So, the answer to that revised question is: It depends. The national recommendations are 150 minutes of low to moderate intensity or 75 minutes of high intensity exercise (or a combo of both) per week to maintain
current health and fitness. Read that again: MAINTAIN current health and fitness. Those numbers are the minimum requirements--meaning you won't improve your health and fitness unless you do more than that. Now, if someone is sedentary and just coming off the couch of course they will improve for a time, but soon that will level out to where their fitness level should be and they will need to do more.
I know, being of rational mind you're seeing '150' and '75' and thinking those numbers are to clean and rounded and can't possibly be scientifically accurate, and I would agree.

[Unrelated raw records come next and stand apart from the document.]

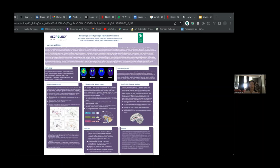Addiction causes tolerance, which means that larger quantities of the substance are required to achieve the same effect. As addiction progresses, the compulsive stage takes over, where substance use becomes uncontrollable. Prolonged use leads to adverse brain adaptations and physical dependence. Stopping abruptly causes withdrawal symptoms, varying in severity.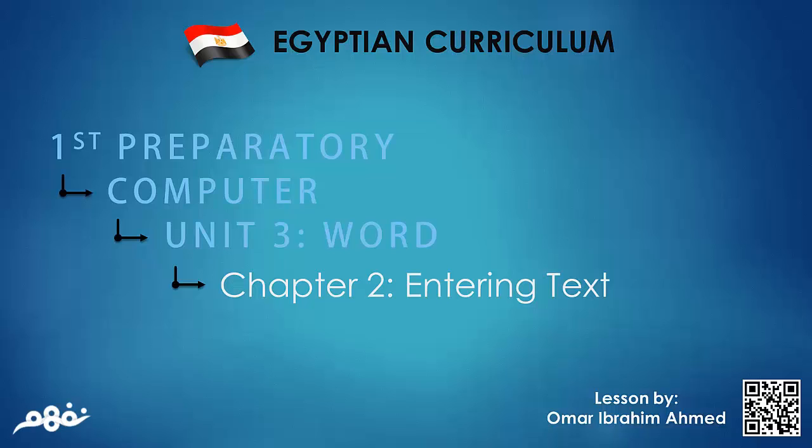Welcome to nafham.com. Today we will be discussing chapter 2 and entering text in Word.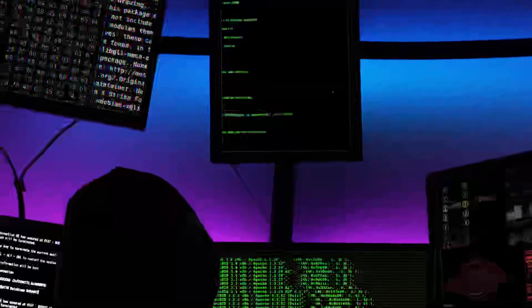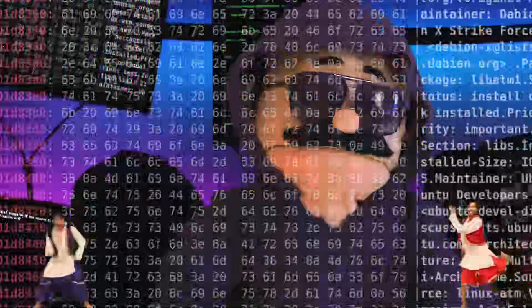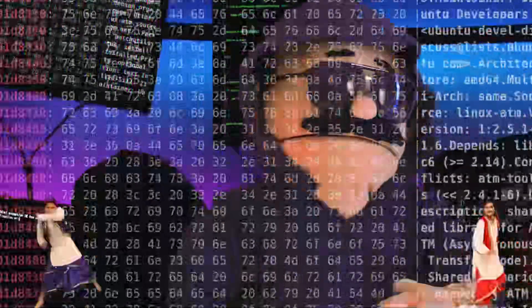Hackers, believed to be working with Russian intelligence, apparently hacked the New York Times and other U.S. media outlets.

The real numbers are different for everyone and without expensive equipment loaded with ding dongs, wires, and whosiewhatsits, there's no accurate way to pinpoint the numbers for each individual. They are really meant to be used as guidelines from where we can adjust per individual, and those guidelines have been relatively successful so far. It's the same as saying 3500 calories equals a pound. From the research I've read, it's really closer to 3554, but since we simple humans like things in nice, tidy packages, 3500 it is.
Back to the topic at hand.
The number of sessions you need to do per week depends on what you do when you're not with your trainer. If you see your trainer once a week for 60 minutes of high intensity exercise and don't do anything the next six days, you're not even meeting your maintenance goal. If one session per week is all you've budgeted for, then you need to make up the remainder of the maintenance minutes, plus the extra for improvement, on your own.

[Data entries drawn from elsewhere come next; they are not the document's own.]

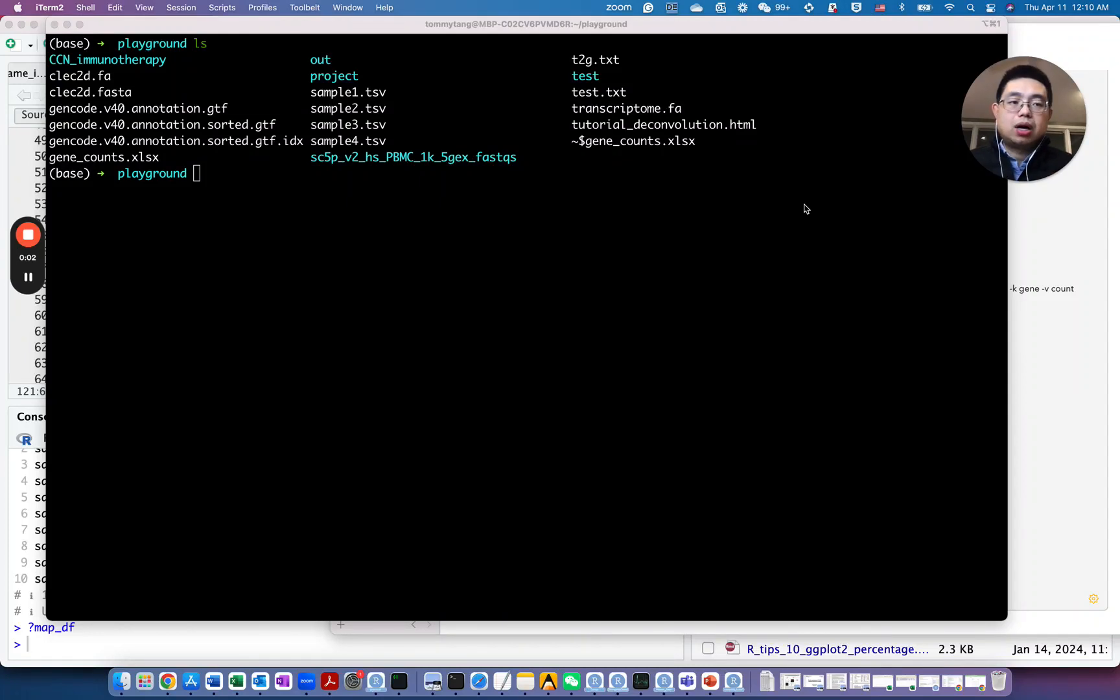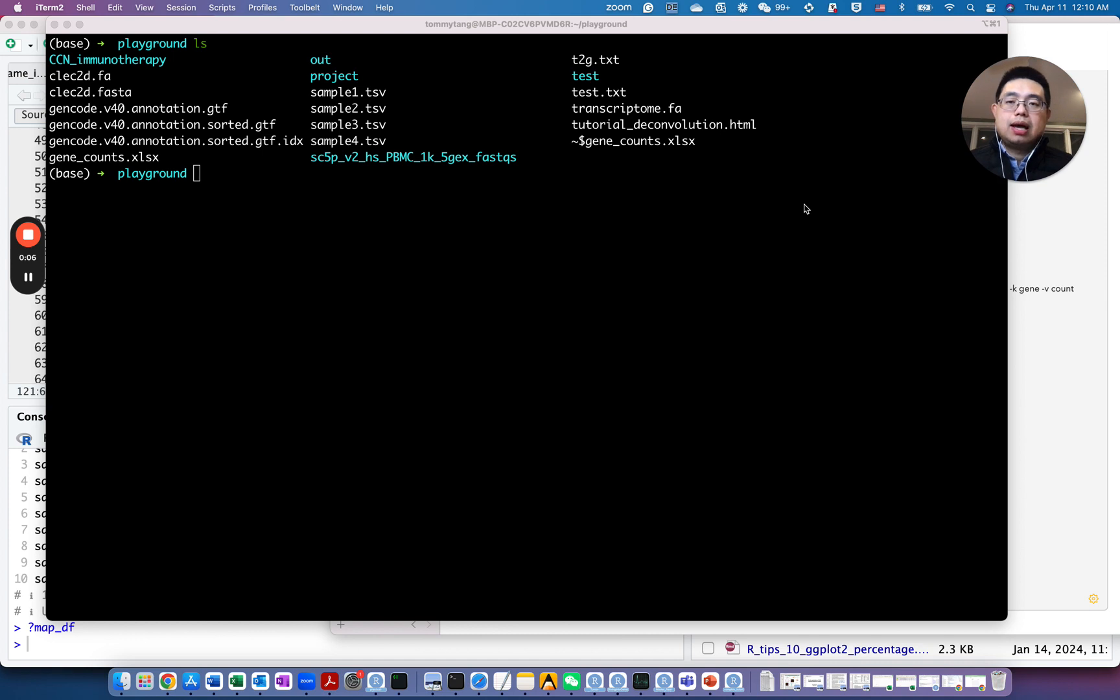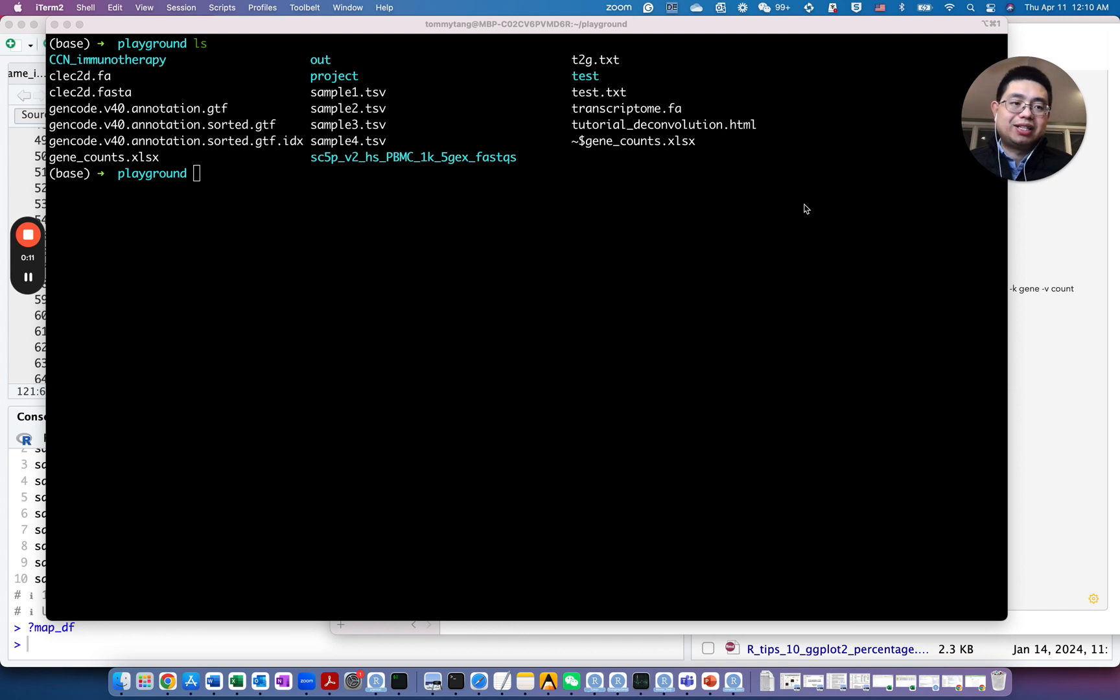Hello, this is Tommy. Welcome back to ChatLamix. So in today's video, I'm going to show you how to combine multiple counts files into a single file using Unix commands.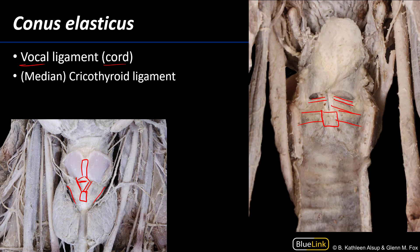We've discussed the extrinsic laryngeal membranes and ligaments, as well as the intrinsic laryngeal membranes — the quadrangular membranes and the conus elasticus — and their features.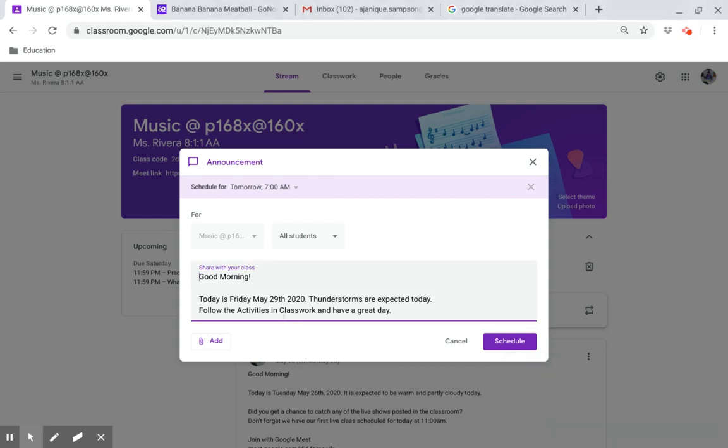Good morning. Today is Friday, May 29, 2020. Thunderstorms are expected today. Follow the activities and classwork and have a great day.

Let's say you buy 40 sessions at 60 minutes each and you plan on those 40 sessions being your only source of exercise until they are exhausted. Scheduling 2 per week is going to have vastly different results than if you scheduled those same 40 sessions at 3-4 per week. At 2 per week, you're only getting 120 minutes, where 3-4 per week gets you to your maintenance goals plus the extra needed to improve. On the flip-side, if you're overtraining, a number of reasons will keep you from improving--torn fibers that need to rest and repair, tiredness and soreness causing you to be not as effective, etc.
So really, no matter how many sessions you order, just make sure you are scheduling them close enough together (keeping in mind rest days) to make a difference, otherwise you're wasting your time and money.